Table 4 Molecular, physical and thermal properties of the obtained poly(urethane-urea)s^a

	Feed S (%)	Incorporated S (%)	M n (kDa)	M w (kDa)	Đ	T g (°C)	T d (°C)	T 5 (°C)	CY (%)
a Feed S is the mol% of Monomer S in the monomer mixture. Incorporated S is the mol% of Monomer S in the polymer as estimated by NMR. Mn, Mw and Đ were determined by SEC in DMF. T5 is the temperature at 5% weight loss. Td is the temperature with the maximal degradation rate. T5, Td, and the char yield (CY) were obtained by TGA. Tg was measured from the second heating DSC curves.
PU	—	—	12	22.8	1.9	79	323	276	2
PSU-5	5.0	5.4	16	43.8	2.7	90	321	279	5
PSU-10	10	10	17	78.5	4.6	97	315	270	9
PSU-18	20	18	21	75.0	3.5	104	306	266	8
PSU-43	40	43	53	137	2.6	120	—	283	14
PSU-62	60	62	37	125	3.4	131	—	284	19

---

The molecular structure of the poly(urethane-urea)s was analyzed using ¹H NMR spectroscopy. As shown in Fig. 7B–E, the signals for the polymers were broadened compared to that of Monomer S, which indicated the formation of polymers. Furthermore, two new signals at 6.8–7.1 ppm (signals 12 and 4, in Fig. 7B–E) were observed after the polymerizations, which corresponded to the N–H protons in urethane bonds formed between IPDI and HD. Furthermore, two new signals at 7.16 (14) and 7.30 ppm (15) were observed with increasing intensity from PSU-10 and PSU-62, which corresponded to the N–H protons in urethane bonds formed between IPDI and Monomer S. In addition, the S content was determined by comparing the integral of the signal corresponding to the α-protons of the primary isocyanate on IPDI (11) with that of the signal corresponding to the aromatic protons on the furan units (c′ and d′). As a result, the S content in the copolymers was consistent with the initial monomer feed ratio (Table 4). It was also noted that in the ¹H NMR spectra of PSU-43 and PSU-62, signals corresponded to the S structure at the chain ends were clearly visible (designated as a_end, b_end, c_end and d_end in Fig. 7G). By comparing the integrals of these chain end groups with that of the backbone signals (e.g. the methylene signal 11), the molecular weights of PSU-43 and PSU-62 were estimated as 22 and 13 kDa, which were significantly lower than the results from SEC in DMAc. This discrepancy could be related to the relatively large error range of the NMR integrals of small end groups and the assumption that every polymer has two end groups (neglecting branching, crosslinking and cyclic structures), as well as the reported overestimation tendency for SEC for rigid polymers using flexible PS standards.^99–102 Finally, the ¹H NMR spectrum of PSU-62 was examined in order to evaluate whether there were furfural condensation side reactions (Fig.

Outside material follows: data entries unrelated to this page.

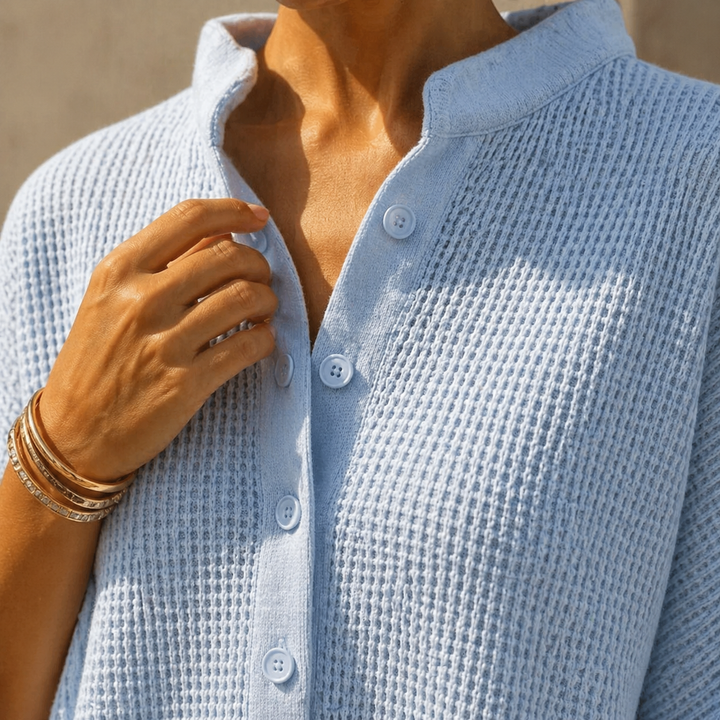 Ensemble femme deux pièces avec haut col Henley et pantalon large. Tenue décontractée chic et confortable.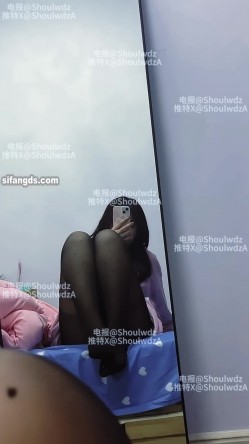 PUA大神【受肉完犊子】VIP福利，操控举牌，超多反差学生小母狗，紫薇裸舞，有露脸 截图15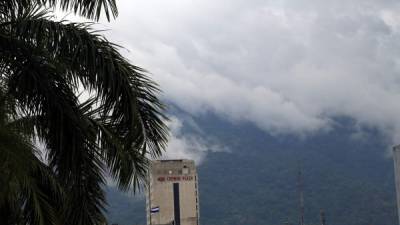 Mucha nubosidad y lluvias leves se registrarán en la zona norte de Honduras este sábado.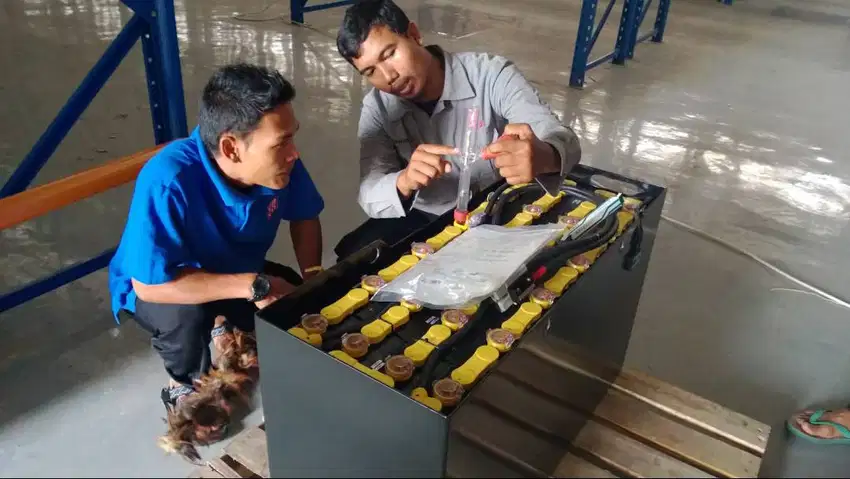 Battery Forklift GS YUASA Harga Murah Terlaris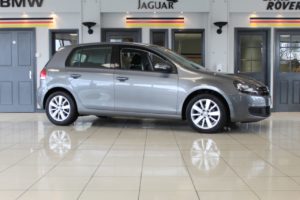 Used 2011 GREY VOLKSWAGEN GOLF Hatchback 1.6 MATCH TDI 5d 103 BHP (reg. 2011-05-19) for sale in Bramhall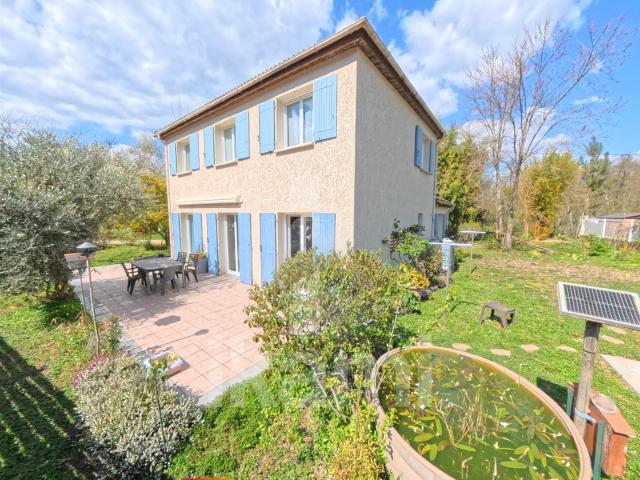 Maison de 117 m2 avec terrasse et garage à Saint Nazaire en. 117m² Saint Nazaire en Royans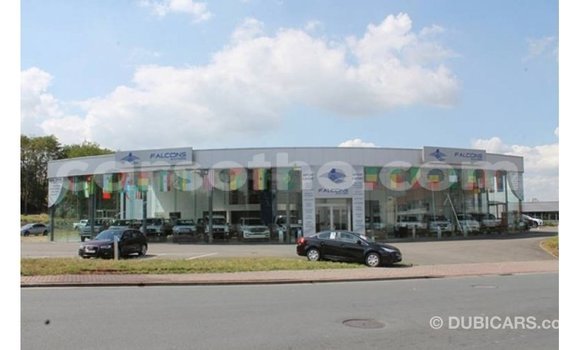 Acheter Import Voiture Toyota Hilux Blanc à Import - Dubai, Maseru Acheter Import Voiture Toyota Hilux Blanc à Import - Dubai, Maseru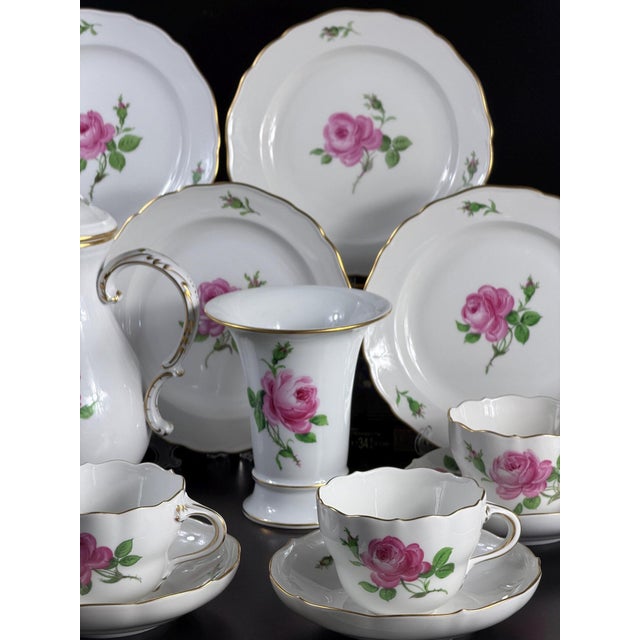 Rote Rose Coffee Service in Porcelain from Meissen, Germany, 1980s, Set of 23 For Sale - Image 4 of 17
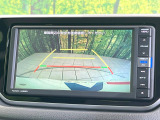 【バックカメラ】駐車時に後方がリアルタイム映像で確認できます。大型商業施設や立体駐車場での駐車時や、夜間のバック時に大活躍!運転スキルに関わらず、今や必須となった装備のひとつです!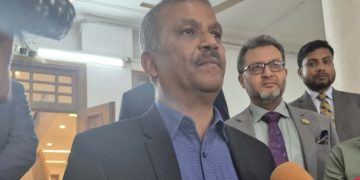 সন্ত্রাসীদের জামিনে প্রধান বিচারপতির কাছে উদ্বেগ আইন উপদেষ্টার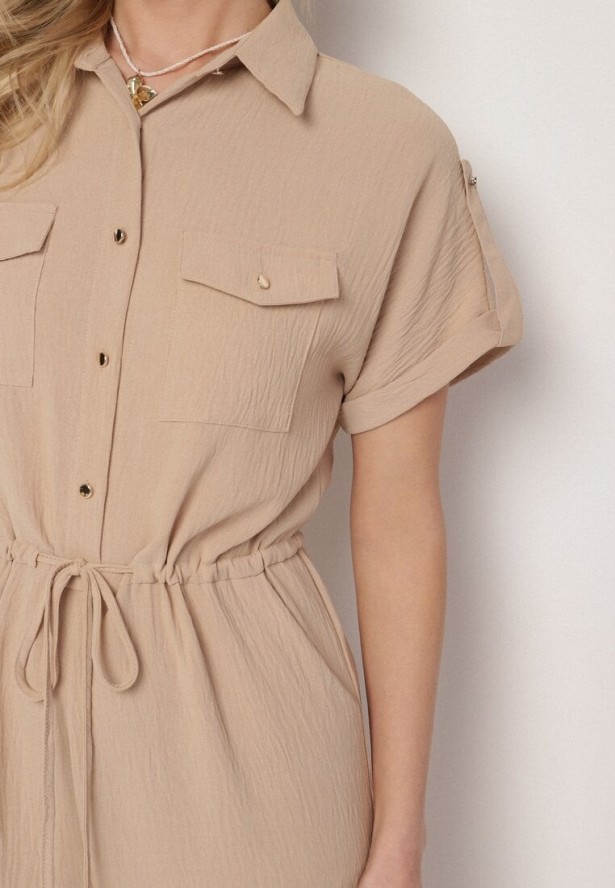 Beżowy Kombinezon o Koszulowym Kroju z Krótkim Rękawem i Wiązaniem w Talii Mareriela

S60, ESI†). Unfortunately, the area where the peak for the methylene CH₂ group (in connection with two furan rings) is severely overlapped with the backbone peaks, which prevented this assessment.

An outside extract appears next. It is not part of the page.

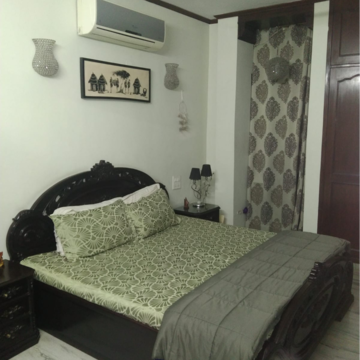 Bedroom in 3 BHK Builder Floor at Chittaranjan Park – for Rent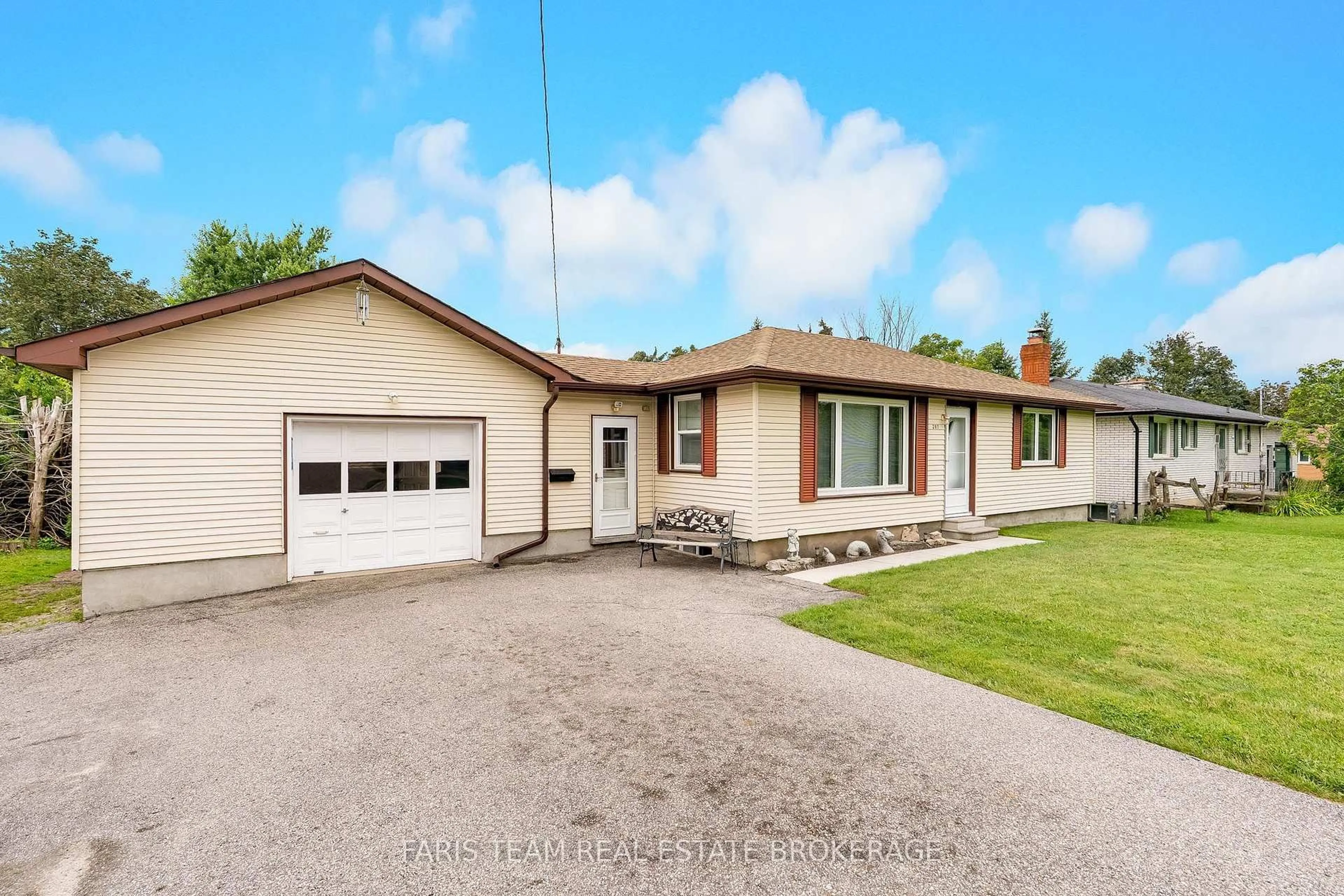 Unknown for 207 Warnica Rd, Barrie Ontario L4N 3Z2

Fig. 7 ¹H NMR spectra of (A) Monomer S and (B–G) poly(urethane-urea)s.

The molecular structures of the obtained poly(urethane-urea)s were further confirmed by FTIR spectra. As shown in Fig. 8, the absorption band at 3495 cm⁻¹ for Monomer S was attributed to the –OH stretching vibrations.¹⁰³ This band was not observed in the spectra of any of the poly(urethane-urea)s. Furthermore, a broad absorption band at 3320 cm⁻¹ was observed in the spectra of all the obtained polymers, which was attributed to the N–H stretching band in the urethane units. These observations indicated that the reaction between the isocyanate and the diols was complete.¹⁰³ Finally, the complete disappearance of the isocyanate absorption bands (2250–2270 cm⁻¹) and the appearance of characteristic carbonyl absorption band at 1692 cm⁻¹ also confirmed the formation of the target poly(urethane-urea)s.^103,104

Fig. 8 FTIR-spectra of Monomer S and poly(urethane-urea)s.

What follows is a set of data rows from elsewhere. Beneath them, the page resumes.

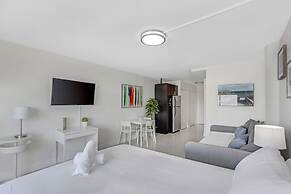 Waterfront condo Studio - Free Parking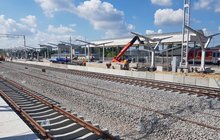 Stacja Łódź Kaliska, budowa nowych peronów z wiatami i nowych torów, maszyny i robotnicy. fot. Henryk Poznański PLK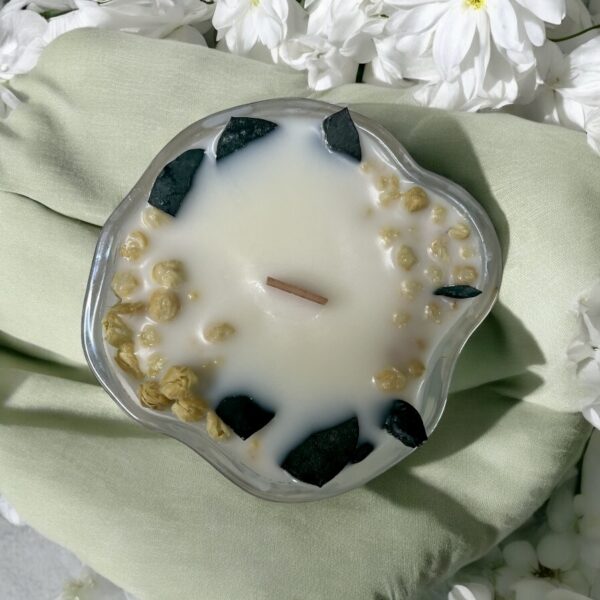 Elegant Botanical Soy Candle with Dried Flowers - Perfect Gift for Mom or Engagement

The thermal stability of the poly(urethane-urea)s was evaluated using TGA. As shown in Fig. 9 and Table 4, all these polymers showed good thermal stability (T₅ > 270 °C). A single decomposition rate maximum was observed for polymers with relatively low S content (<10%), which was in agreement with other reported IPDI-based polyurethanes.¹⁰⁵ However, the copolymers with higher S content (≥18%) showed a complex decomposition pattern in their derivative weight loss curves (Fig. 9B). For PSU-18, a small shoulder was observed at ∼350 °C on the derivative weight loss curve. For PSU-43 and PSU-62, the corresponding curves look even more complicated. For PSU-43, there was a local peak at ∼300 °C, followed by a broad peak at 320–380 °C. For PSU-62, there was a shoulder at ∼300 °C, and a broad peak at higher temperature. Therefore, no T_d value could be meaningfully given (Table 4). This complicated thermal decomposition behavior when higher S content was incorporated in PSUs may be related to the thermal decomposition of the spirocyclic acetal or furan structures in PSU, which can cause subsequent crosslinking during TGA measurements. The exact mechanism remains to be unraveled. The char yield (CY) increased with the increased S content in the polymers, which was consistent with the observed trend in the PHST polyesters discussed above. This may be attributed to the increased aromatic content in the polymers, which has been reported to increase the char yields under nitrogen.¹⁰⁶ The thermal behavior of the poly(urethane-urea)s was further investigated using DSC. As shown in Fig. 10 and Table 4, all the obtained polymers were completely amorphous without any melting endotherm, which was expected due the asymmetric structure of IPDI. The T_g values increased significantly with the increased S content (from 79 °C for PU to 131 °C for PSU-62).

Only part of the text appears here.